* _What you are asked to do_:
Below this task are records; return each one exactly and omit its images.
=====
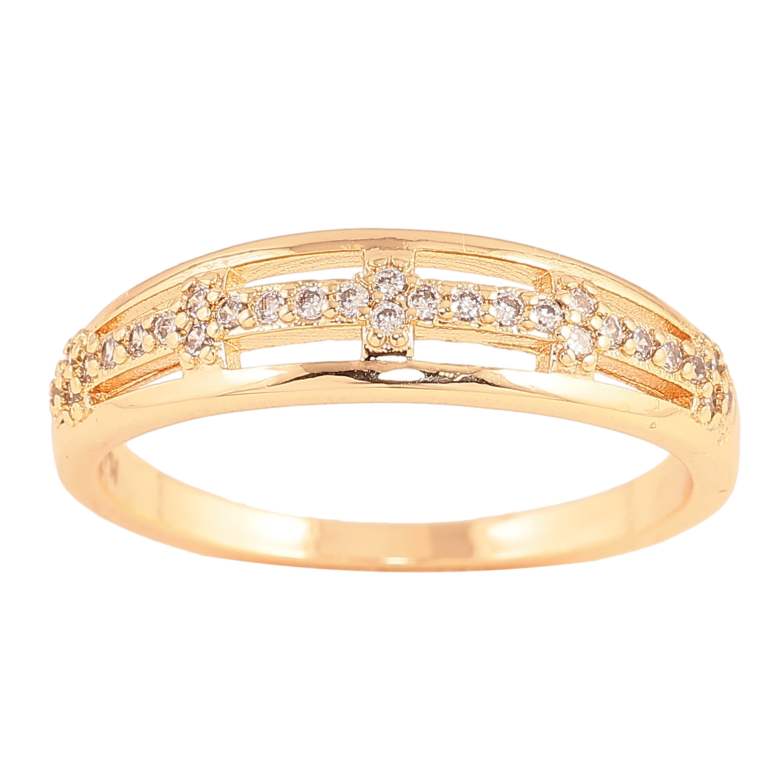 Кольцо Xuping M&L цвет 18К "Узор с кристаллами" фото №1 Кольцо Xuping M&L цвет 18К "Узор с кристаллами" фото №1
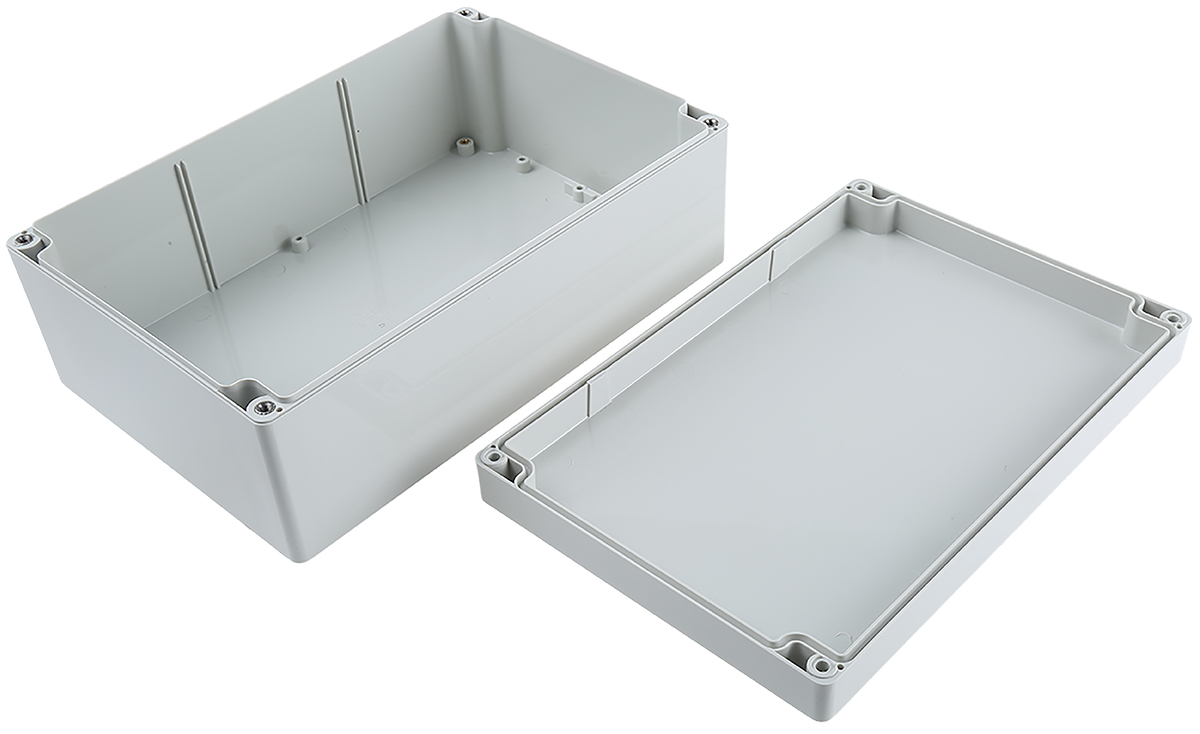 Hammond 1554 Series Grey ABS Enclosure, IP66, Grey Lid, 240 x 160 x 90.5mm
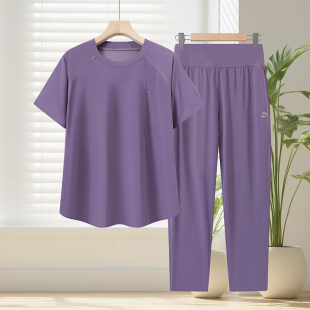 夏季新款圆领速干短袖套装女中老年女装运动服套装上衣裤子两件套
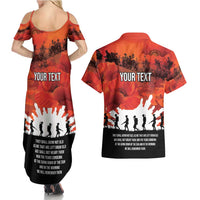 Anzac Day Gallipoli Personalised Couples Matching Summer Maxi Dress and Hawaiian Shirt Red Poppy Flowers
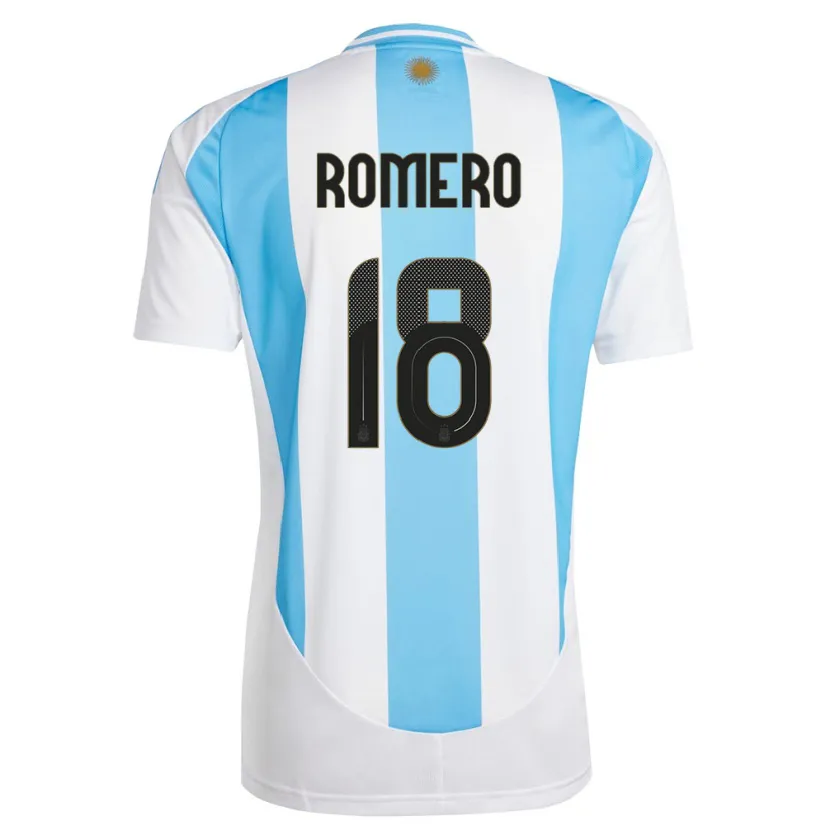Danxen Hombre Camiseta Argentina Luka Romero #18 Blanco Azul 1ª Equipación 24-26 La Camisa México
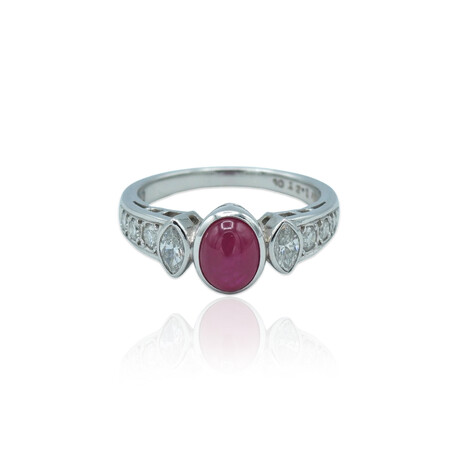 Mikimoto // Platinum Diamond + Ruby Ring // Ring Size: 6.25 // Pre-Owned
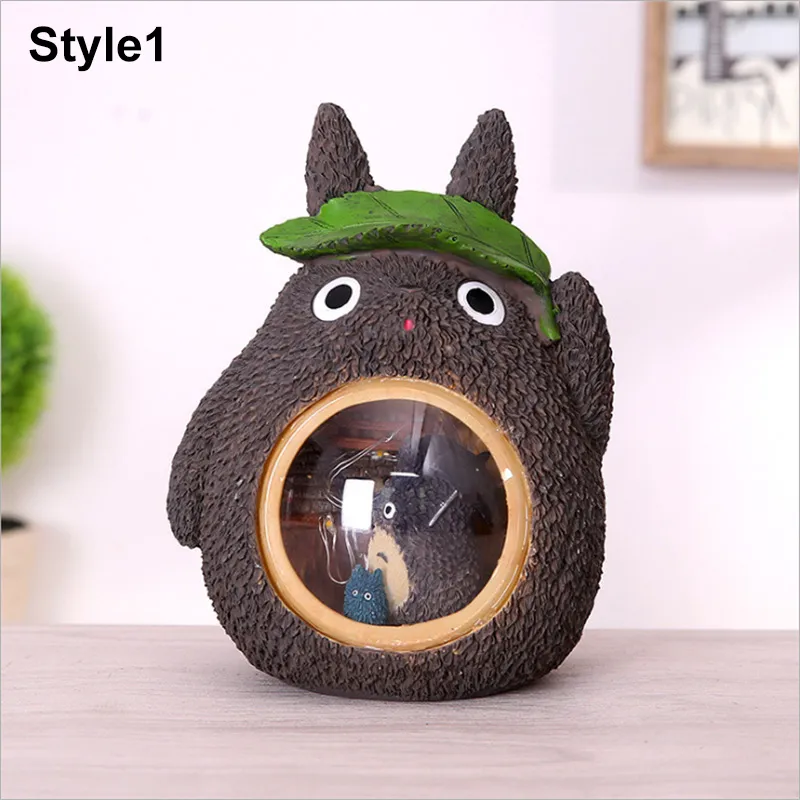 Ins résine dessin animé bébé chambre artisanat lampes Totoro Tree Fetes Starry Night Light Decoration Home Decoration Gift For Kids2847852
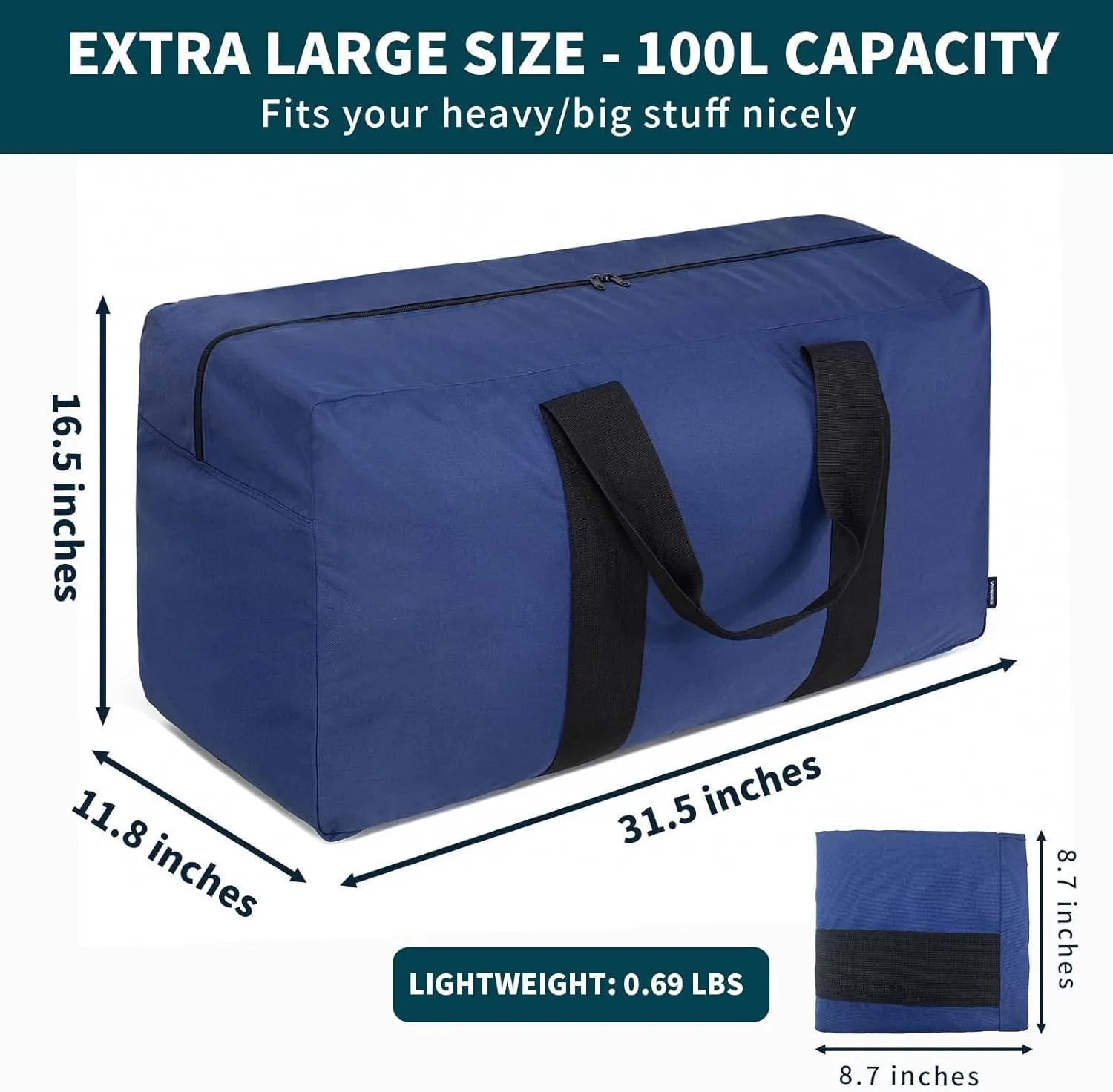 Vorspack Extra Large Duffle Bag for Travel - 100L Duffel Bag for Men Gear Bag for Storage Foldable Weekender Bag for Overnight Camping - Blue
=====
* _Answer area_:
 Кольцо Xuping M&L цвет 18К "Узор с кристаллами" фото №1 Кольцо Xuping M&L цвет 18К "Узор с кристаллами" фото №1
 Hammond 1554 Series Grey ABS Enclosure, IP66, Grey Lid, 240 x 160 x 90.5mm
 夏季新款圆领速干短袖套装女中老年女装运动服套装上衣裤子两件套
 Anzac Day Gallipoli Personalised Couples Matching Summer Maxi Dress and Hawaiian Shirt Red Poppy Flowers
Danxen Hombre Camiseta Argentina Luka Romero #18 Blanco Azul 1ª Equipación 24-26 La Camisa México
 Mikimoto // Platinum Diamond + Ruby Ring // Ring Size: 6.25 // Pre-Owned
 Ins résine dessin animé bébé chambre artisanat lampes Totoro Tree Fetes Starry Night Light Decoration Home Decoration Gift For Kids2847852
 Vorspack Extra Large Duffle Bag for Travel - 100L Duffel Bag for Men Gear Bag for Storage Foldable Weekender Bag for Overnight Camping - Blue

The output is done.